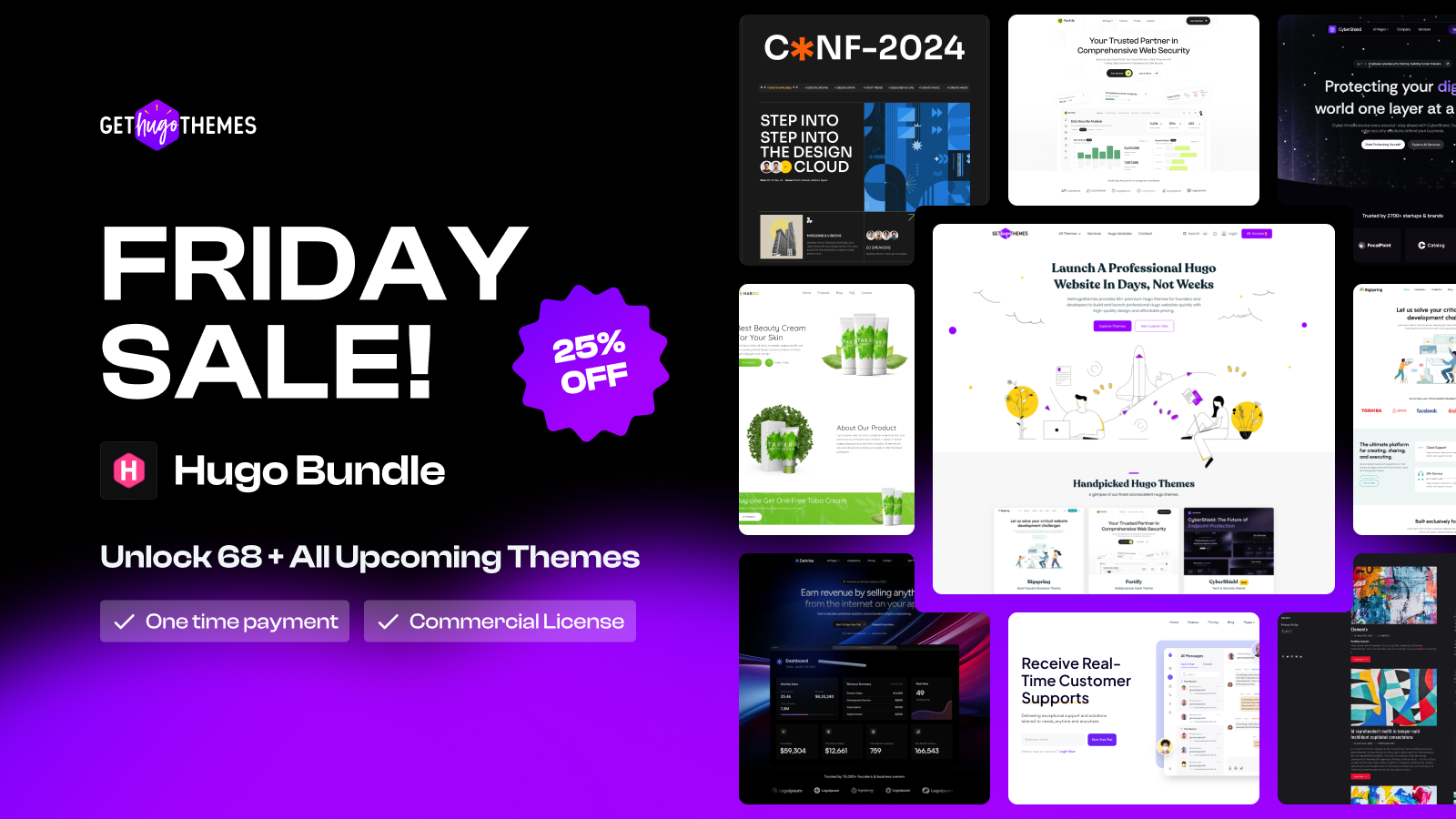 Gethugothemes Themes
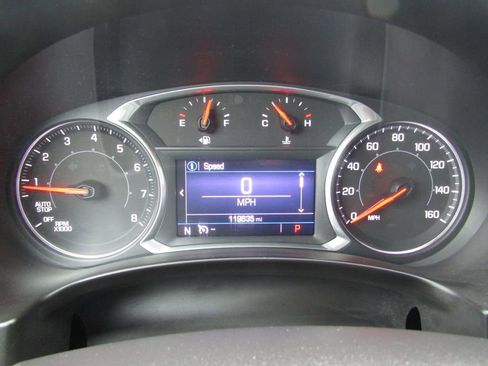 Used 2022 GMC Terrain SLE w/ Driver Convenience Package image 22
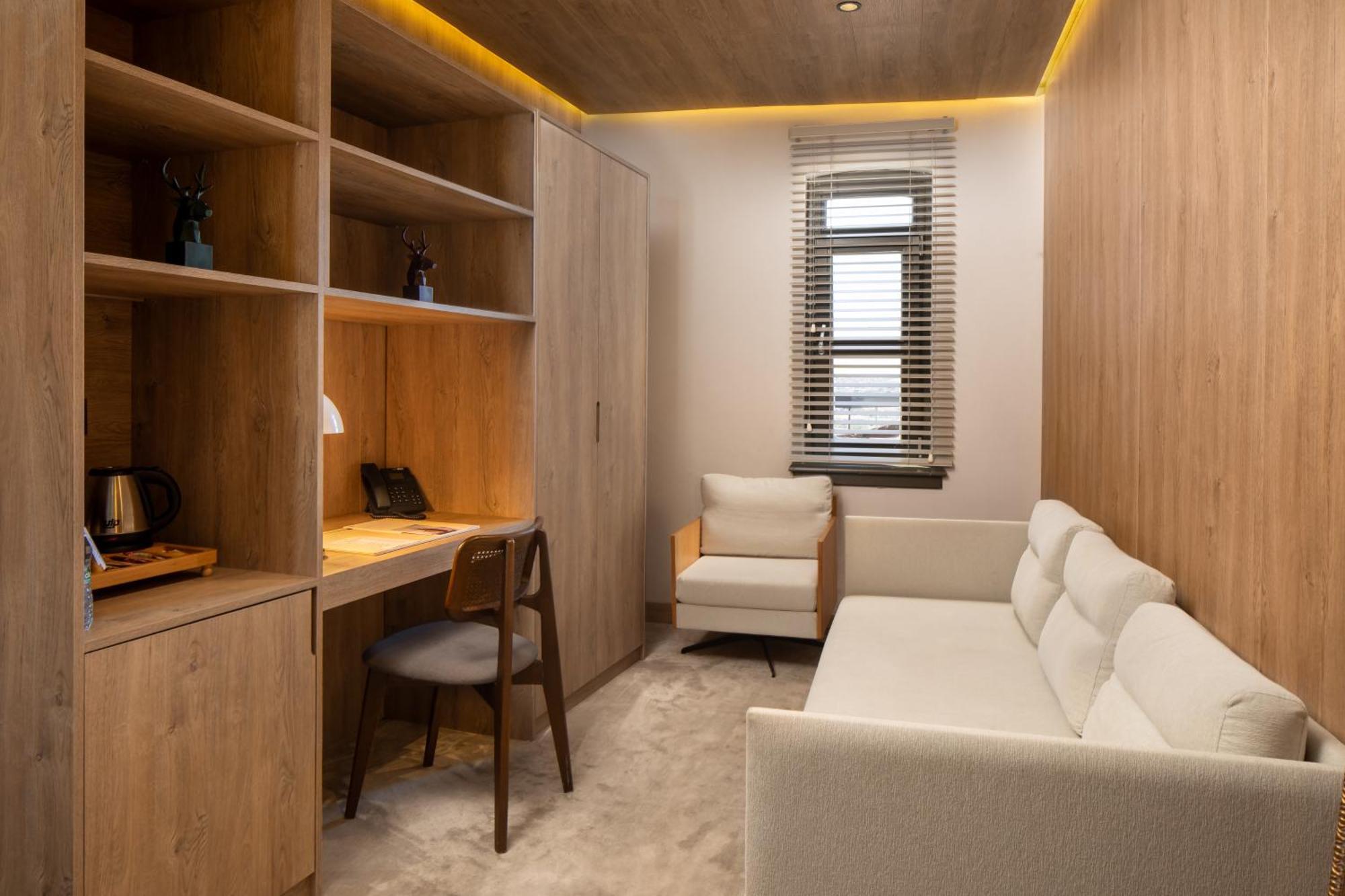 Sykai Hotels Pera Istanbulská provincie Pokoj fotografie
= = =
■ **THE PROBLEM**: The data above must be written out again word for word, without its pictures.

■ **SOLUTION TO THIS EXERCISE**:
 Gethugothemes Themes
 Used 2022 GMC Terrain SLE w/ Driver Convenience Package image 22
 Sykai Hotels Pera Istanbulská provincie Pokoj fotografie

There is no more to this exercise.